Aaron Harrison has kept a relatively low profile on star-studded Kentucky, but the freshman shooting guard won’t be able to avoid the spotlight now that SEC play has started. There isn’t a position in the conference where the competition will be tougher, and even the multi-talented Harrison will have his work cut out for him if Kentucky is going to meet its preseason expectations of a league title.
Here’s a look at the most imposing of the SEC’s long list of 2-guard standouts, and how they’ll match up with Kentucky’s 6’6” youngster:
Jordan McRae, Tennessee
The SEC’s most dangerous all-purpose scorer, Jordan McRae is putting up 18.9 points per game on an explosive mix of drives, pull-ups and treys (at .372 accuracy). He also knows how to get the most out of his long-armed, 6’6” frame on defense, blocking shots at the extraordinary rate—for any perimeter player—of 1.1 a night.

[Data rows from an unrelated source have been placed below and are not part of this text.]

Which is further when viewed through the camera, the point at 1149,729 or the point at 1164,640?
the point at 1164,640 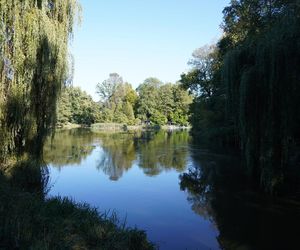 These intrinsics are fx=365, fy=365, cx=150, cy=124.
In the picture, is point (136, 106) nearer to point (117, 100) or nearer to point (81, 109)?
point (117, 100)

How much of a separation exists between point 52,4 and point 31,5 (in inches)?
48.8

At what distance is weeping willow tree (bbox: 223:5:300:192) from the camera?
10633 mm

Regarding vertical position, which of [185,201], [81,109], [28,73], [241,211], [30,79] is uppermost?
[81,109]

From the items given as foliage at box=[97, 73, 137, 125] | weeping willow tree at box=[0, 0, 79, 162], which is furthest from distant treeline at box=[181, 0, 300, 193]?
foliage at box=[97, 73, 137, 125]

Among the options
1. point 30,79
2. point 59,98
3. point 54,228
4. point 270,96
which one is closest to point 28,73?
point 30,79

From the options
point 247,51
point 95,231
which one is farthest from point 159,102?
point 95,231

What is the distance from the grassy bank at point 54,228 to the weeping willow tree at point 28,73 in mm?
3706

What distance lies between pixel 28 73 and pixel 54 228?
6.80 m

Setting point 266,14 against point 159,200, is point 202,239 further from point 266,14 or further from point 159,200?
point 266,14

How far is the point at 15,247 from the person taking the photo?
5312mm

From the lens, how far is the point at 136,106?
3374 inches

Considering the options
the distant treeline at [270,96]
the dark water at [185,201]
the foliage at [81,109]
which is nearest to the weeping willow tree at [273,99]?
the distant treeline at [270,96]

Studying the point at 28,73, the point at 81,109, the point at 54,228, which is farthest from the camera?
the point at 81,109

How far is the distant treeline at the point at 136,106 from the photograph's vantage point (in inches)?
3108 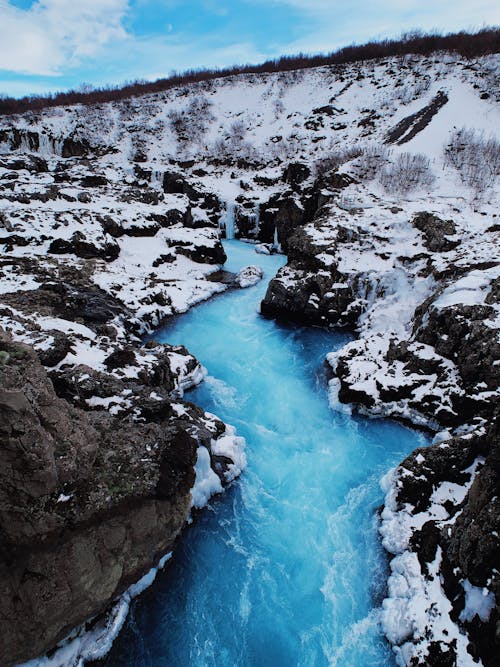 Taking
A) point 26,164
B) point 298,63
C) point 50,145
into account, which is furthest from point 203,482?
point 298,63

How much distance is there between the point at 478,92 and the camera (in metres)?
32.7

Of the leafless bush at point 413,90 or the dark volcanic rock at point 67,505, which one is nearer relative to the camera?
the dark volcanic rock at point 67,505

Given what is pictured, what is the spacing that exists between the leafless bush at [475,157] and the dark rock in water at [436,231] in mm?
6273

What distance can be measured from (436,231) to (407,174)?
8.88m

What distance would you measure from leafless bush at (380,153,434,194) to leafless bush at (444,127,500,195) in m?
1.87

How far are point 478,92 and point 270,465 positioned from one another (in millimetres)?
38165

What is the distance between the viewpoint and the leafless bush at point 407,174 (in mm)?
23391

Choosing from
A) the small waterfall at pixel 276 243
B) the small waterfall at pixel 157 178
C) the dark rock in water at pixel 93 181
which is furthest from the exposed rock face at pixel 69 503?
the small waterfall at pixel 157 178

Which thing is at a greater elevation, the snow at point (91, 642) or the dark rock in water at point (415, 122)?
the dark rock in water at point (415, 122)

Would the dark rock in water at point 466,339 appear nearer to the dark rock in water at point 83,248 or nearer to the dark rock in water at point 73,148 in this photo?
the dark rock in water at point 83,248

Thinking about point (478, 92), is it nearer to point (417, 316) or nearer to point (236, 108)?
point (236, 108)

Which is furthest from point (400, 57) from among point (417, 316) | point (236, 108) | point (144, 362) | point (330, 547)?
point (330, 547)

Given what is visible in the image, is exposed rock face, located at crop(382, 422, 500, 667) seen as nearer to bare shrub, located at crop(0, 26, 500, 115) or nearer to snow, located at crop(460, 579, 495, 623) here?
snow, located at crop(460, 579, 495, 623)

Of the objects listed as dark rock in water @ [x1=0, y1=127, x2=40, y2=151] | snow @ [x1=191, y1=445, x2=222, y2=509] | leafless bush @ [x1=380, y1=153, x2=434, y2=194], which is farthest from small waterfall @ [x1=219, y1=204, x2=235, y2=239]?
dark rock in water @ [x1=0, y1=127, x2=40, y2=151]
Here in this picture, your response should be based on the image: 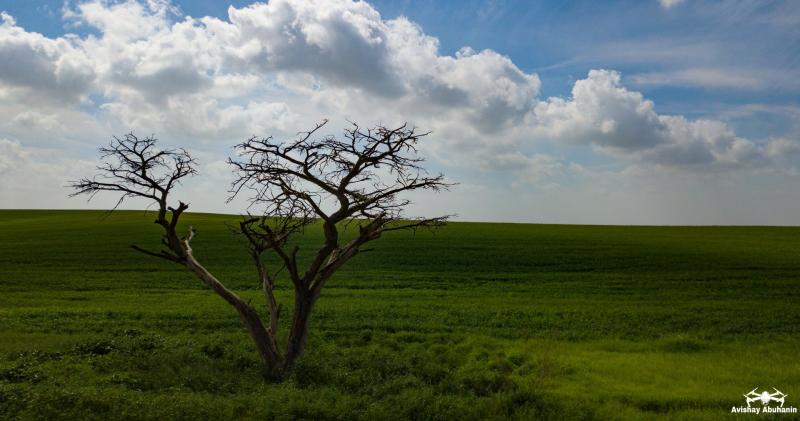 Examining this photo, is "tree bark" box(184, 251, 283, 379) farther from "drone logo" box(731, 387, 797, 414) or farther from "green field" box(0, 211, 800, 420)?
"drone logo" box(731, 387, 797, 414)

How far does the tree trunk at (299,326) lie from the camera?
1355 cm

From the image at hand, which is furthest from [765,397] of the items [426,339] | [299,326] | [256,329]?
[256,329]

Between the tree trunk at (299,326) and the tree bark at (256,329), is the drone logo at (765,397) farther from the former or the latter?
the tree bark at (256,329)

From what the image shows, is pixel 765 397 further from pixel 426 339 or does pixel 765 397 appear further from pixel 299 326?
pixel 299 326

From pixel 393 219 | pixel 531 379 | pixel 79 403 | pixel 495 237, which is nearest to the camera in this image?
pixel 79 403

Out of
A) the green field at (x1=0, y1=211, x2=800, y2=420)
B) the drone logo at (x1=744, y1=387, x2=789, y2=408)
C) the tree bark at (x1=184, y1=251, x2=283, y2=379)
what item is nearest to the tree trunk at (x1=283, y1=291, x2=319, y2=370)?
the tree bark at (x1=184, y1=251, x2=283, y2=379)

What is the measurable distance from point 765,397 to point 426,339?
A: 941 centimetres

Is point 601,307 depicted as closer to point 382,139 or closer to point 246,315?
point 382,139

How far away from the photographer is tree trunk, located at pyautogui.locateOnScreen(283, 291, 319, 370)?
1355 cm

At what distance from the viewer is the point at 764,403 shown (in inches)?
440

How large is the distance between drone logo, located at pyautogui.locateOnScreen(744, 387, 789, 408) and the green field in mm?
233

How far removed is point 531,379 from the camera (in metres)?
13.0

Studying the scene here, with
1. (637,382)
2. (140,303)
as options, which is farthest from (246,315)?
(140,303)

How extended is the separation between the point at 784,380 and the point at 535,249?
1120 inches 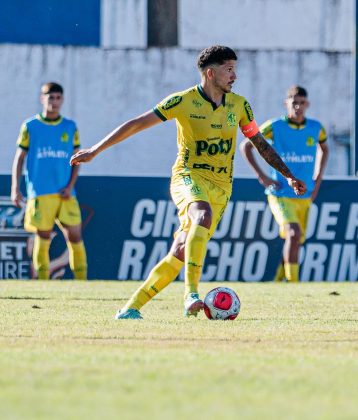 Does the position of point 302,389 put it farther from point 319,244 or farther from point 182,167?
point 319,244

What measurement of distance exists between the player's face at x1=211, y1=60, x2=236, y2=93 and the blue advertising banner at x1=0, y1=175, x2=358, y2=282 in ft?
24.7

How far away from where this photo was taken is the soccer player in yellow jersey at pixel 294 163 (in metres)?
16.2

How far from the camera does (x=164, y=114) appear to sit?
985 centimetres

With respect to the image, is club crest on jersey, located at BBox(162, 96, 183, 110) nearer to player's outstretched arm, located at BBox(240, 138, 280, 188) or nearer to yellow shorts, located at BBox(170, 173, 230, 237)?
yellow shorts, located at BBox(170, 173, 230, 237)

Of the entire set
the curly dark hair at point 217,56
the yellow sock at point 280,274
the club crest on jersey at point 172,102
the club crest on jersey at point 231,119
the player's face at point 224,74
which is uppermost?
the curly dark hair at point 217,56

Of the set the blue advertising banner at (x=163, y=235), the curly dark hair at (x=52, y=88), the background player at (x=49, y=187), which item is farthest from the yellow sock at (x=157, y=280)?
the blue advertising banner at (x=163, y=235)

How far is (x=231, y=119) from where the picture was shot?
33.3 ft

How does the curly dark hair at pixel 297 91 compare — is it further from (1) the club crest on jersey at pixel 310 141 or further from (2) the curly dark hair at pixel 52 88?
(2) the curly dark hair at pixel 52 88

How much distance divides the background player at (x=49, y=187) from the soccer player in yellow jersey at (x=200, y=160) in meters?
6.50

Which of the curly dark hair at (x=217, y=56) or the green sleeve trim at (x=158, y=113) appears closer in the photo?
the green sleeve trim at (x=158, y=113)

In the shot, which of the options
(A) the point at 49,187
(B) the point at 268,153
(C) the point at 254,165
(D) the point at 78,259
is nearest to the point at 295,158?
(C) the point at 254,165

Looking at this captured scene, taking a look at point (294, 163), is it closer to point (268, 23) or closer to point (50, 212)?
point (50, 212)

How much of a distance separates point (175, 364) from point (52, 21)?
1897cm

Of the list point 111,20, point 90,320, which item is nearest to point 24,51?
point 111,20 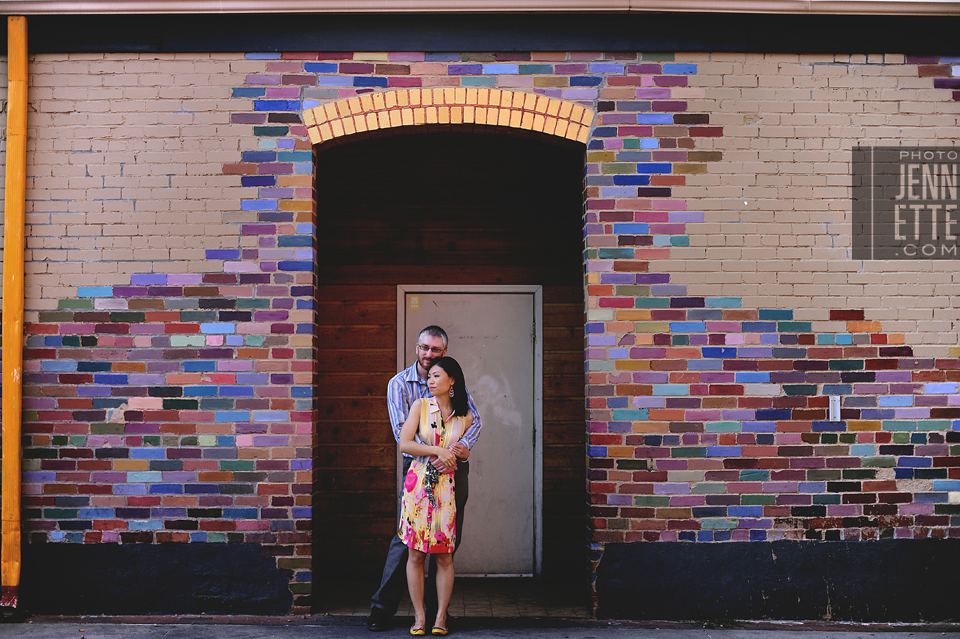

The worst thing Harrison can do in this showdown is to get into a shooting contest. Kentucky has more and better scorers around him than the Volunteers have around McRae, and he needs to make sure the shots he takes are smart ones.
Given the similarity in size between these two wing players, Harrison will probably have a tougher time than usual in taking McRae inside. However, if he can drive with an eye towards passing, he might catch Tennessee’s big men out of position and make his impact as a distributor.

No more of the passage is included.